--- START ---

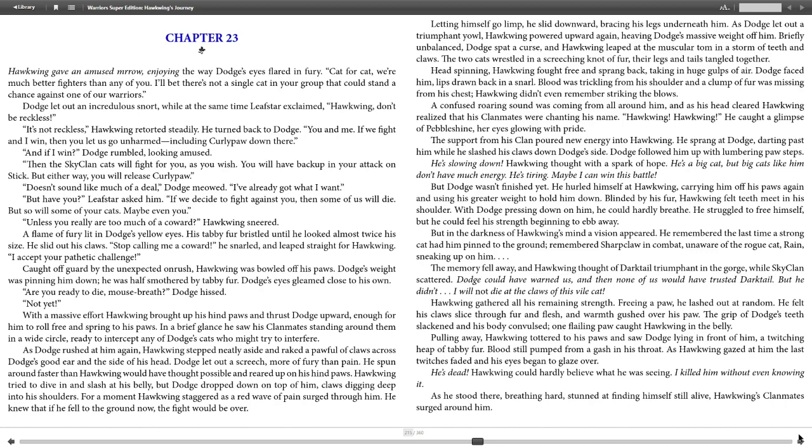The flame of fury lit in Dodge's yellow eyes. His tabby fur bristled until he looked almost twice his size. He slid out his claws. "Stop calling me a coward!" he snarled, and leaped straight for Hawkwing. "I accept your pathetic challenge!" Caught off guard by the unexpected onrush, Hawkwing was bowled off his paws. Dodge's weight was pinning him down. He was half smothered by the tabby fur. Dodge's eyes gleamed close to his own. "Are you ready to die, mouse-breath?" Dodge hissed. "Not yet."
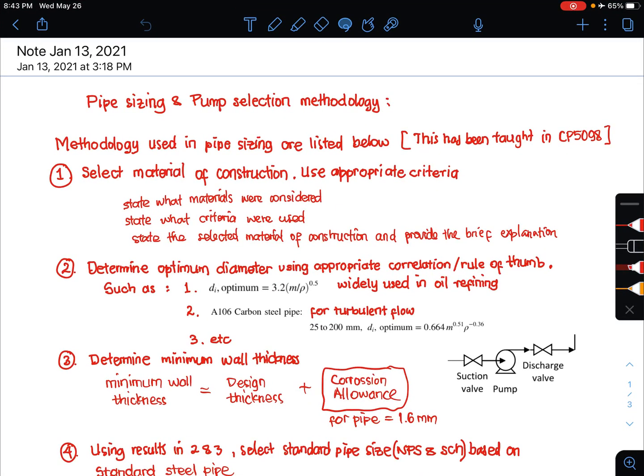Hi there, this is Dr. Noel. In today's video, you will learn the methodology in pipe sizing and pump selection. This brief overview must be used together with the materials and notes in CP5098 Chemical Engineering Design and Calculation.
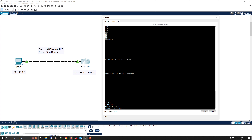The next option is the target IP address — the IP we're going to ping from the router. Notice that the target IP address has no default value, meaning you must enter one. In this example, we will use PC0 as our target, which has an IP address of 192.168.1.5, so we enter that and press enter.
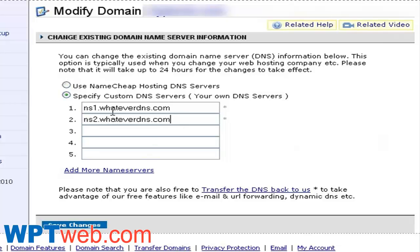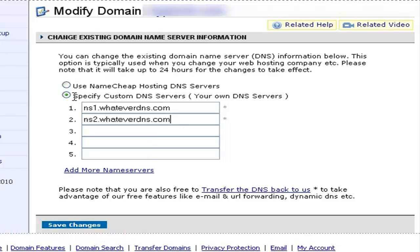Then, as you can see here, please select specify custom DNS servers and put in the first and second name server, which is the NS1 and NS2 servers as given by your web hosting provider, and then click on save changes.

--- END ---

Where the material contains pictures, leave them out and copy the rest verbatim.

The flame of fury lit in Dodge's yellow eyes. His tabby fur bristled until he looked almost twice his size. He slid out his claws. "Stop calling me a coward!" he snarled, and leaped straight for Hawkwing. "I accept your pathetic challenge!" Caught off guard by the unexpected onrush, Hawkwing was bowled off his paws. Dodge's weight was pinning him down. He was half smothered by the tabby fur. Dodge's eyes gleamed close to his own. "Are you ready to die, mouse-breath?" Dodge hissed. "Not yet."
Hi there, this is Dr. Noel. In today's video, you will learn the methodology in pipe sizing and pump selection. This brief overview must be used together with the materials and notes in CP5098 Chemical Engineering Design and Calculation.
The next option is the target IP address — the IP we're going to ping from the router. Notice that the target IP address has no default value, meaning you must enter one. In this example, we will use PC0 as our target, which has an IP address of 192.168.1.5, so we enter that and press enter.
Then, as you can see here, please select specify custom DNS servers and put in the first and second name server, which is the NS1 and NS2 servers as given by your web hosting provider, and then click on save changes.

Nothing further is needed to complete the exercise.